As a philosophical term, anavastha refers to the non-finality of a proposition or endless series of statements or regressus ad infinitum (infinite regress). In the Hindi language, anavastha means nothingness.

==Etymology==
Anavastha (Sanskrit: अनवस्था) is a Sanskrit nominal compound derived from the verb Stha (meaning standing, resting, grounded or founded). The expression literally means: that which does not stand down, non-resting, unstable, holding no definite position, un-grounded or without foundation. It can also mean unsettled condition or character or absence of finality or conclusion.

==Overview==
In Indian thought and Indian logic Anavastha is an important doctrine. All major schools of philosophy have examined and commented upon this concept and laid down guidelines so as to avoid the endless series of statements and propositions and the non-finality of those propositions.
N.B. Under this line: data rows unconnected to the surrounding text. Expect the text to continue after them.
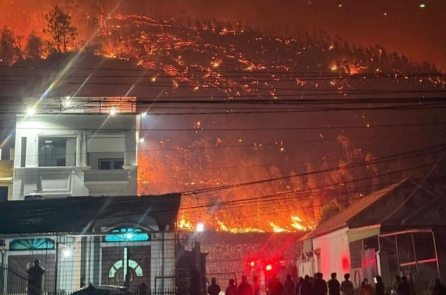 Liên tiếp hai vụ cháy rừng tại Quảng Ninh: Những đồi thông, keo rực lửa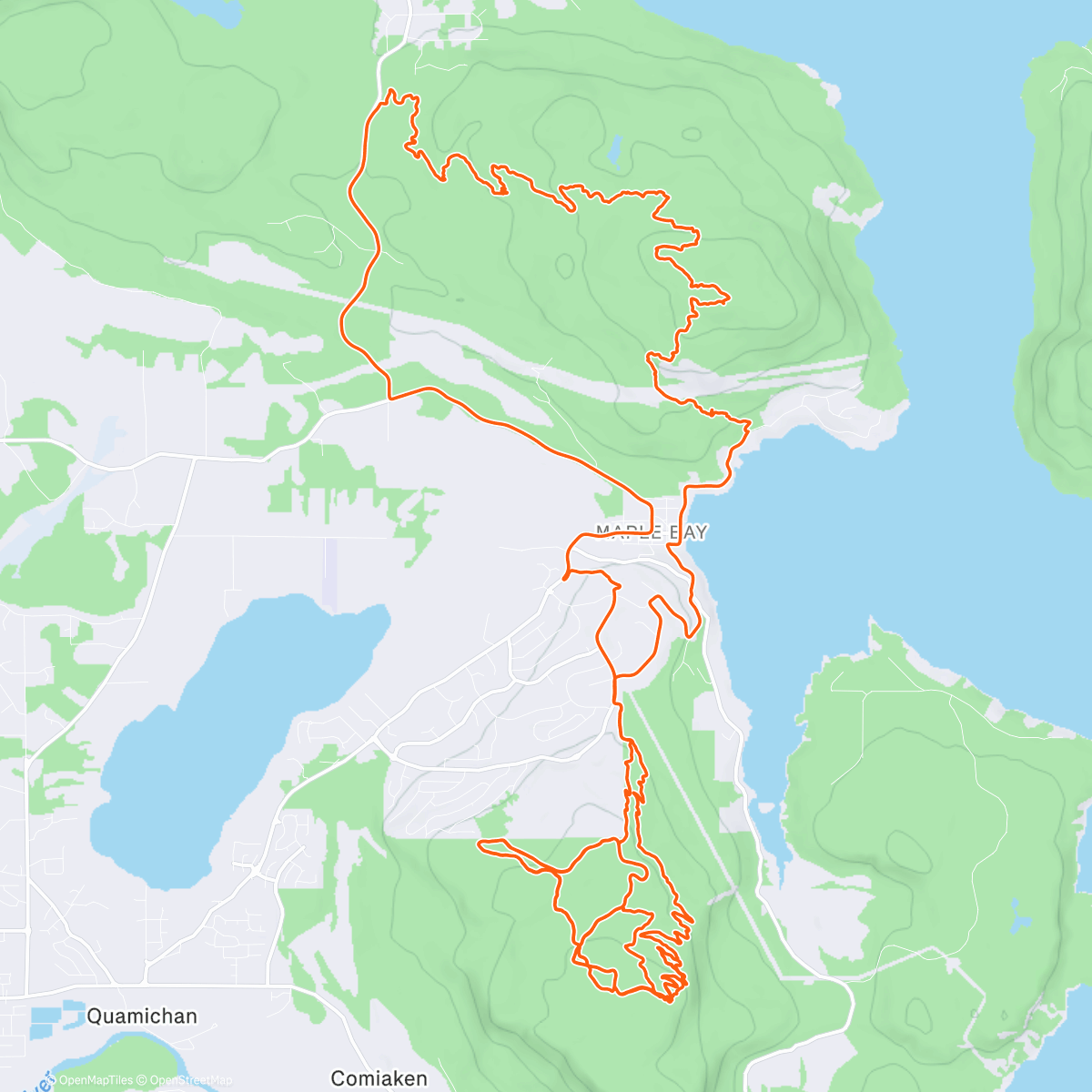 Map of the activity, g damn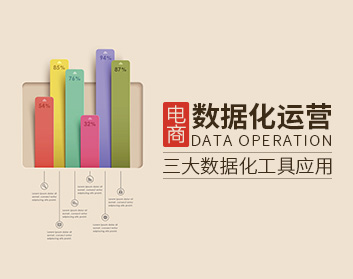 电商数据化运营——三大数据化工具应用（20集）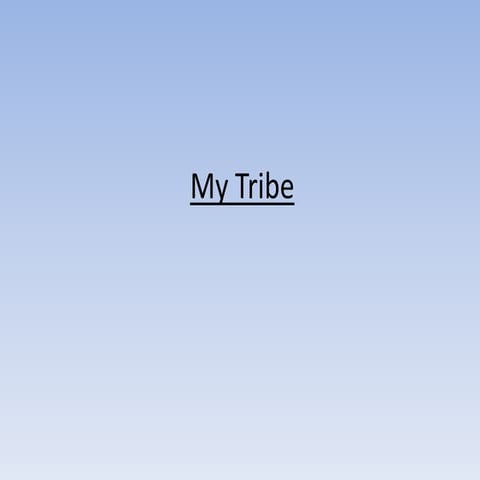 My Tribe Evaluation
Certain aphorisms of Pāṇini, in his Ashtadhyayi indicate that asiddhatva leads to anavastha since rules which cause endless repetition of application cannot be there because application of a rule should certainly result in finality. The word अत्र atra of Sutra 6.4.22 indicates that two rules must have the same आश्रय āśraya or place of operation but where their places of operation are different they are not asiddha to each other.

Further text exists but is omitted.